— Maintenant, continua Vitalis étendant sa main vers le caniche blanc, à un autre : le signor Capi va avoir l’honneur de présenter ses amis à l’estimable société ici présente.

À ce commandement le caniche qui jusque-là n’avait pas fait le plus petit mouvement, se leva vivement et se dressant sur ses pattes de derrière il croisa ses deux pattes de devant sur sa poitrine, puis il salua son maître si bas que son bonnet de police toucha le sol.

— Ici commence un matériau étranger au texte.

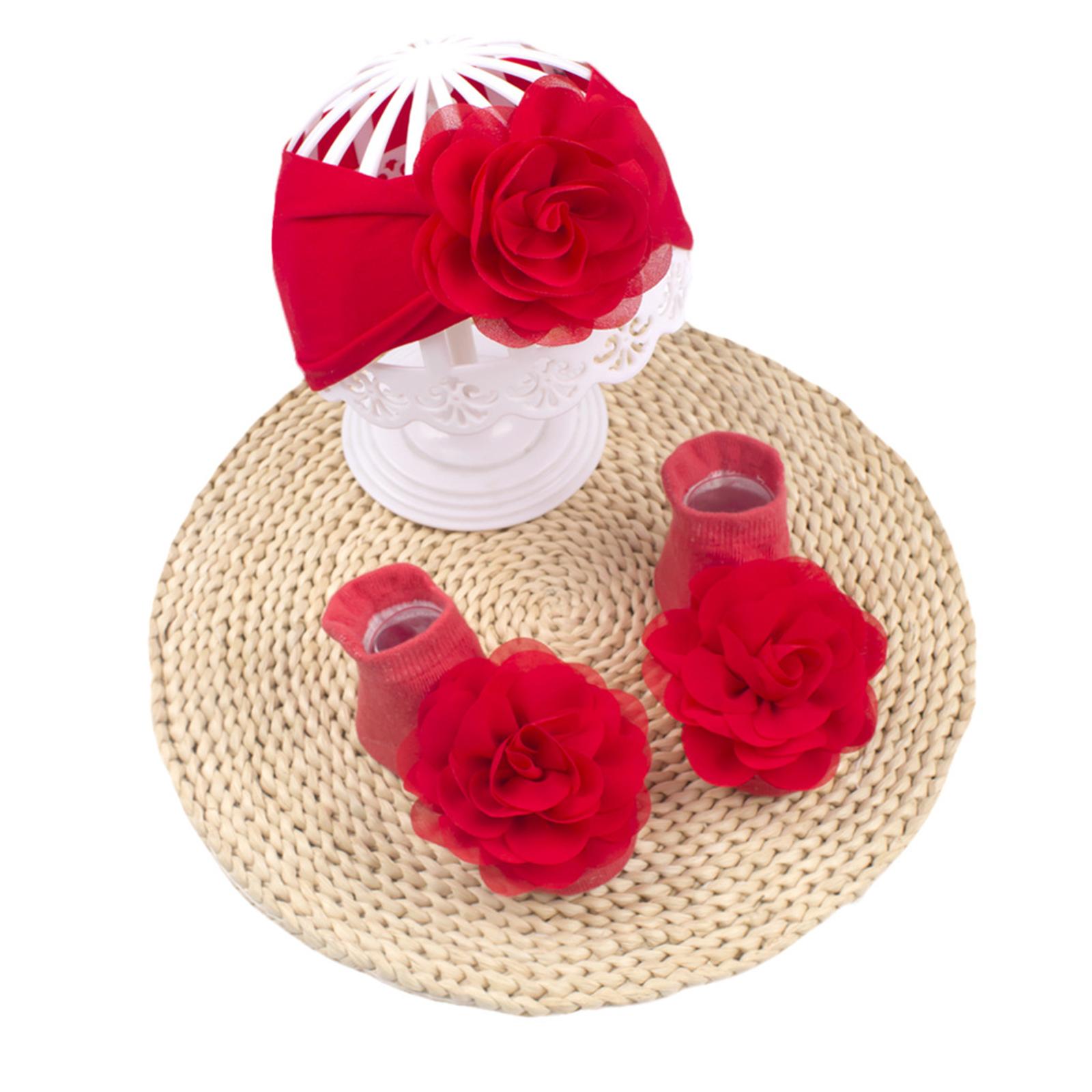 Baby Colored Floral Decorative Headband+floor Adhesive Sock Set, Suitable For 0-2 Years Old One Size красный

Ce devoir de politesse accompli, il se tourna vers ses camarades, et d’une patte, tandis qu’il tenait toujours l’autre sur sa poitrine, il leur fit signe d’approcher.

Les deux chiens, qui avaient les yeux attachés sur leur camarade, se dressèrent aussitôt, et se donnant chacun une patte de devant, comme on se donne la main dans le monde, ils firent gravement six pas en avant puis après trois pas en arrière, et saluèrent la société.

— Celui que j’appelle Capi, continua Vitalis, autrement dit Capitano en italien, est le chef des chiens, c’est lui qui, comme le plus intelligent, transmet mes ordres. Ce jeune élégant à poil noir est le signor Zerbino, ce qui signifie le galant, nom qu’il mérite à tous les égards. Quant à cette jeune personne à l’air modeste, c’est la signora Dolce, une charmante Anglaise qui n’a pas volé son nom de douce. C’est avec ces sujets remarquables à des titres différents que j’ai l’avantage de parcourir le monde en gagnant ma vie plus ou moins bien, suivant les hasards de la bonne ou de la mauvaise fortune. Capi !

Le caniche croisa les pattes.

— Capi, venez ici, mon ami et soyez assez aimable, je vous prie, — ce sont des personnages bien élevés à qui je parle toujours poliment, — soyez assez aimable pour dire à ce jeune garçon qui vous regarde avec des yeux ronds comme des billes, quelle heure il est. Capi décroisa les pattes, s’approcha de son maître, écarta la peau de mouton, fouilla dans la poche du gilet, en tira une grosse montre en argent, regarda le cadran et jappa deux fois distinctement ; puis après ces deux jappements bien accentués, d’une voix forte et nette, il en poussa trois autres plus faibles.

Il était en effet deux heures et trois quarts.

— C’est bien, dit Vitalis, je vous remercie, signor Capi ; et, maintenant, je vous prie d’inviter la signora Dolce à nous faire le plaisir de danser un peu à la corde.

Capi fouilla aussitôt dans la poche de la veste de son maître et en tira une corde. Il fit un signe à Zerbino et celui-ci alla vivement lui faire vis-à-vis. Alors Capi lui jeta un bout de la corde, et tous deux se mirent gravement à la faire tourner.